→ **TASK DESCRIPTION**: All of the data that follows should be given again exactly, without its images.
───── PROVIDED DATA ─────
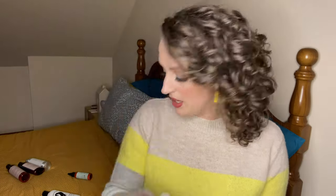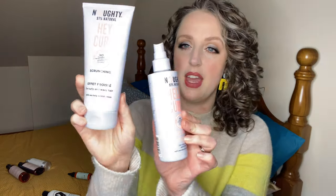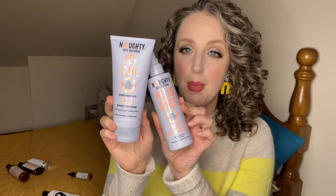Then we've got the Hey Curl Scrunching Jelly, which only just came out in 2020. It's a really lightweight gel and I absolutely love it. We've got the Wave Hello Curl Defining Taming Cream — a fantastic product. I like to use this just as a single styler; I never thought I would use a cream as a single styler but it's so good. And also the Hello Curls Primer. The Hello Curls Primer and the Hey Curl Scrunching Jelly are just a match made in heaven — the primer contains some protein, the jelly doesn't, and together they are amazing.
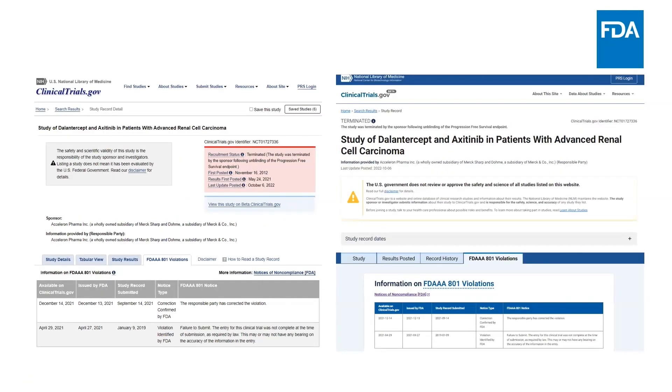Here we have an example of an RIP responsible party who received a notice letter. Information is posted on this specific study within the FDA 801 violations tab on clinicaltrials.gov. NIH updates the clinicaltrials.gov records with information regarding whether the noncompliance has been corrected and the amount of civil money penalties assessed, if any. The example shown is from our first notice letter issued in April of 2021 to a sponsor for failure to submit results information for a study evaluating safety and effectiveness of an investigational drug in patients with advanced renal cell carcinoma. Results for the study were posted to clinicaltrials.gov in May of 2021, so the notice was successful in bringing about compliance.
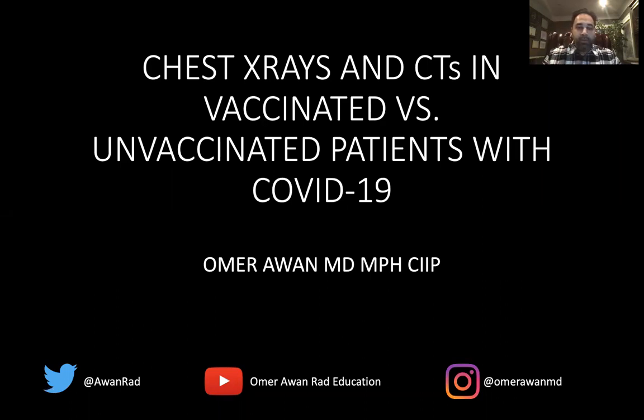Hello, everyone. My name is Dr. Omar Awan. I'm the Associate Vice Chair of Education in the Department of Diagnostic Radiology at the University of Maryland Medical Center. Today, I want to talk about the appearance of chest x-rays and CTs in those that are vaccinated versus those that are not vaccinated in patients with COVID-19. And sometimes pictures and images are more telling than the stats and epidemiological facts that we hear on the news and from the CDC.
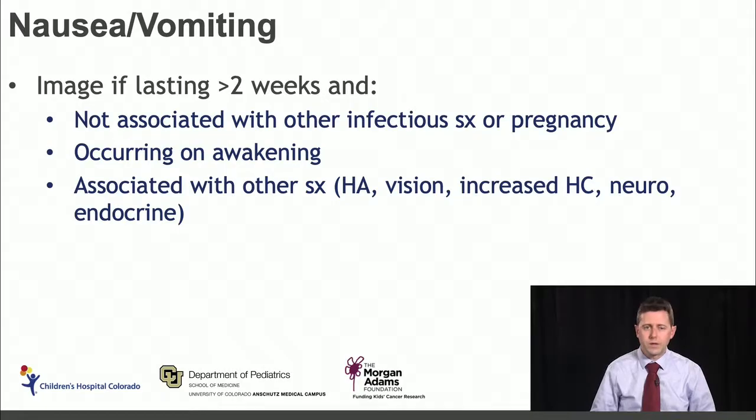The next symptom is nausea and vomiting — a very common symptom that children and teenagers will come into the office with. We get concerned about the potential for a brain tumor once they're out of the period where it's most likely infectious in etiology. If nausea and vomiting is lasting greater than two weeks and not associated with other infectious symptoms or pregnancy — really important to think about in adolescent females — or if it's occurring on waking from sleep at night, or is associated with other symptoms including headache, visual symptoms, increased head circumference, changes in neurologic exam, or endocrine function, we'd recommend doing head imaging for that patient.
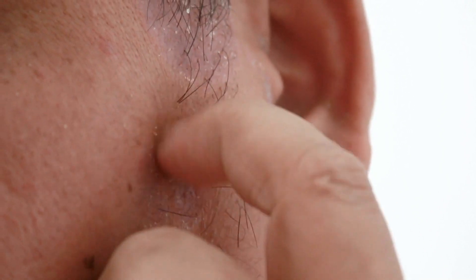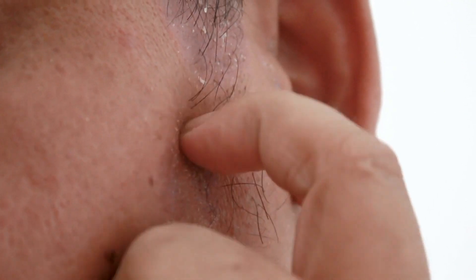Eczema is a condition where the skin cells aren't holding on to themselves as well. They're not creating a great barrier, so there are little cracks in between the skin cells. Those cracks provide an inlet for bacteria on the skin to get underneath the skin and cause an infection.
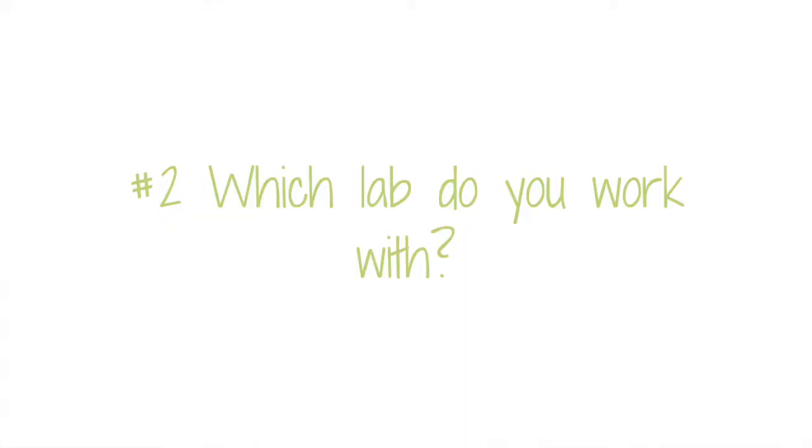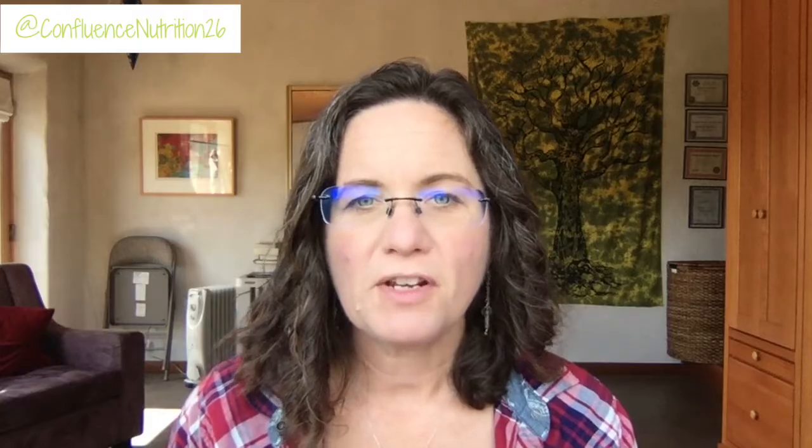Now that you've decided whether you want to do a culture-based stool test or a DNA stool test, the question is which lab do you work with? There are four main labs that functional providers use: Genova Diagnostics, Doctor's Data, Diagnostic Solutions Laboratory GI Map, and BioHealth Labs 401H. The first important thing to consider is what's included in the test beyond the analysis for bacteria, parasites, and yeasts, since all these different tests have slightly different offerings.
─────
→ **SOLUTION FOR THIS PROBLEM**:
Then we've got the Hey Curl Scrunching Jelly, which only just came out in 2020. It's a really lightweight gel and I absolutely love it. We've got the Wave Hello Curl Defining Taming Cream — a fantastic product. I like to use this just as a single styler; I never thought I would use a cream as a single styler but it's so good. And also the Hello Curls Primer. The Hello Curls Primer and the Hey Curl Scrunching Jelly are just a match made in heaven — the primer contains some protein, the jelly doesn't, and together they are amazing.
Here we have an example of an RIP responsible party who received a notice letter. Information is posted on this specific study within the FDA 801 violations tab on clinicaltrials.gov. NIH updates the clinicaltrials.gov records with information regarding whether the noncompliance has been corrected and the amount of civil money penalties assessed, if any. The example shown is from our first notice letter issued in April of 2021 to a sponsor for failure to submit results information for a study evaluating safety and effectiveness of an investigational drug in patients with advanced renal cell carcinoma. Results for the study were posted to clinicaltrials.gov in May of 2021, so the notice was successful in bringing about compliance.
Hello, everyone. My name is Dr. Omar Awan. I'm the Associate Vice Chair of Education in the Department of Diagnostic Radiology at the University of Maryland Medical Center. Today, I want to talk about the appearance of chest x-rays and CTs in those that are vaccinated versus those that are not vaccinated in patients with COVID-19. And sometimes pictures and images are more telling than the stats and epidemiological facts that we hear on the news and from the CDC.
The next symptom is nausea and vomiting — a very common symptom that children and teenagers will come into the office with. We get concerned about the potential for a brain tumor once they're out of the period where it's most likely infectious in etiology. If nausea and vomiting is lasting greater than two weeks and not associated with other infectious symptoms or pregnancy — really important to think about in adolescent females — or if it's occurring on waking from sleep at night, or is associated with other symptoms including headache, visual symptoms, increased head circumference, changes in neurologic exam, or endocrine function, we'd recommend doing head imaging for that patient.
Eczema is a condition where the skin cells aren't holding on to themselves as well. They're not creating a great barrier, so there are little cracks in between the skin cells. Those cracks provide an inlet for bacteria on the skin to get underneath the skin and cause an infection.
Now that you've decided whether you want to do a culture-based stool test or a DNA stool test, the question is which lab do you work with? There are four main labs that functional providers use: Genova Diagnostics, Doctor's Data, Diagnostic Solutions Laboratory GI Map, and BioHealth Labs 401H. The first important thing to consider is what's included in the test beyond the analysis for bacteria, parasites, and yeasts, since all these different tests have slightly different offerings.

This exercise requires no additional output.